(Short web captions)
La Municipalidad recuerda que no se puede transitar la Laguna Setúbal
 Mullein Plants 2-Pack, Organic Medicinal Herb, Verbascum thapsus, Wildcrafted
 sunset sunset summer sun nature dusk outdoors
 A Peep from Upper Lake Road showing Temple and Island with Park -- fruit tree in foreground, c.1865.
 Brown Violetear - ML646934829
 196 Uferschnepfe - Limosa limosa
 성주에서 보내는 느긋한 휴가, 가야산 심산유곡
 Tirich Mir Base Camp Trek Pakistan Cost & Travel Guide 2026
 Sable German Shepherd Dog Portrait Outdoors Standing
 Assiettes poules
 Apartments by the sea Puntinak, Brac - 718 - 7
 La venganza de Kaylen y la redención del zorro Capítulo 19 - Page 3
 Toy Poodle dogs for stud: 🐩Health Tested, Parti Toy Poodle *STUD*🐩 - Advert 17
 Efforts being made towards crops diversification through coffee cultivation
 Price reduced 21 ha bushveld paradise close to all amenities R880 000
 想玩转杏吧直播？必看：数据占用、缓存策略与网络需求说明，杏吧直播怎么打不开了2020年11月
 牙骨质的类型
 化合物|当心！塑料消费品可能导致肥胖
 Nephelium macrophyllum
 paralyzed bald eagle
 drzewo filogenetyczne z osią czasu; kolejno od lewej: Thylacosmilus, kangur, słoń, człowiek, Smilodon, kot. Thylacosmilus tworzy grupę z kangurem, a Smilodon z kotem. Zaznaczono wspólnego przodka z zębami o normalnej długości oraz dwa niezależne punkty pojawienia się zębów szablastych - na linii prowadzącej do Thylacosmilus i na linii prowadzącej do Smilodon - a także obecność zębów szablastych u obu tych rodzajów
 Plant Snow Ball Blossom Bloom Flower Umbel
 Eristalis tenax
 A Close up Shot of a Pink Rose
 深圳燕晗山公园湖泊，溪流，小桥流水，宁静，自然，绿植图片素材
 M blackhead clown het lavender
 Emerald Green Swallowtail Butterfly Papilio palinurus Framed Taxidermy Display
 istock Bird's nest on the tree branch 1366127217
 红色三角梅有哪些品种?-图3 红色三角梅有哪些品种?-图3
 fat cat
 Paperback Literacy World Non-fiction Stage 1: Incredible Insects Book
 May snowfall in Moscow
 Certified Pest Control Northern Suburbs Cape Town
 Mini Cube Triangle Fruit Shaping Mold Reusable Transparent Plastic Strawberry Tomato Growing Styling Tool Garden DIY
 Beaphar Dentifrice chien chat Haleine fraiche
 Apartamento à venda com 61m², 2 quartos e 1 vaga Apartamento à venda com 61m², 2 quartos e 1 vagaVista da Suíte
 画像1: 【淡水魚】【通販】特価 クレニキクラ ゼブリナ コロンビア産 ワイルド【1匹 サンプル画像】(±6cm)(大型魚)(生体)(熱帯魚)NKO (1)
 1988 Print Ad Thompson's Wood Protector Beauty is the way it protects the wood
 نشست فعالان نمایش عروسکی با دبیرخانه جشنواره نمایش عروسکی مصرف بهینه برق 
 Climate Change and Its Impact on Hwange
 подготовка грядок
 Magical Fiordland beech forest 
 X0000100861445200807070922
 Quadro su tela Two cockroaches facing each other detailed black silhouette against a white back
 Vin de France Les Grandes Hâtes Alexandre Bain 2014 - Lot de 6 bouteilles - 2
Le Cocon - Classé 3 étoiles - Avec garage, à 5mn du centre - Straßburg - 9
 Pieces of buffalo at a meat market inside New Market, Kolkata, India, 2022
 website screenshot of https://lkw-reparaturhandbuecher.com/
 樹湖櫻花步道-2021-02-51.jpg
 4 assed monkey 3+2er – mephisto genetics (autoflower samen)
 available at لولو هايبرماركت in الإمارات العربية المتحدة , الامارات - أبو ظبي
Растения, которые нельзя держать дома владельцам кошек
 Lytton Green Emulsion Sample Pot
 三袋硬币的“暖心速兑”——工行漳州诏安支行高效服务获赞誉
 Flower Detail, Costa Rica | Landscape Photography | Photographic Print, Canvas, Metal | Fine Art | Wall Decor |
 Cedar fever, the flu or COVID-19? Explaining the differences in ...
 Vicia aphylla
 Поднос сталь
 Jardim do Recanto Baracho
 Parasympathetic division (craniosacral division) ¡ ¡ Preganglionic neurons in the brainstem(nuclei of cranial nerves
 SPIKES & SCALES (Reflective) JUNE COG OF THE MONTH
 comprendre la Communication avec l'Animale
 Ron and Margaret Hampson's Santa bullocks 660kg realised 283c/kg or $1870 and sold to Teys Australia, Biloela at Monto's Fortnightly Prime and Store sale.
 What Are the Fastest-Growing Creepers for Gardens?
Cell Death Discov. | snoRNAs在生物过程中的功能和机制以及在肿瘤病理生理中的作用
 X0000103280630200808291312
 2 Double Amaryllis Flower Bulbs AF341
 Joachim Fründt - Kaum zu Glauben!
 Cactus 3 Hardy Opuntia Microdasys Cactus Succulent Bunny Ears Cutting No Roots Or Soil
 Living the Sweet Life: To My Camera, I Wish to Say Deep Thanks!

#### [TASK]
What lines in the records above include the string "tree"? Copy each one.

#### [RESPONSE FOR THIS EXERCISE]
 A Peep from Upper Lake Road showing Temple and Island with Park -- fruit tree in foreground, c.1865.
 istock Bird's nest on the tree branch 1366127217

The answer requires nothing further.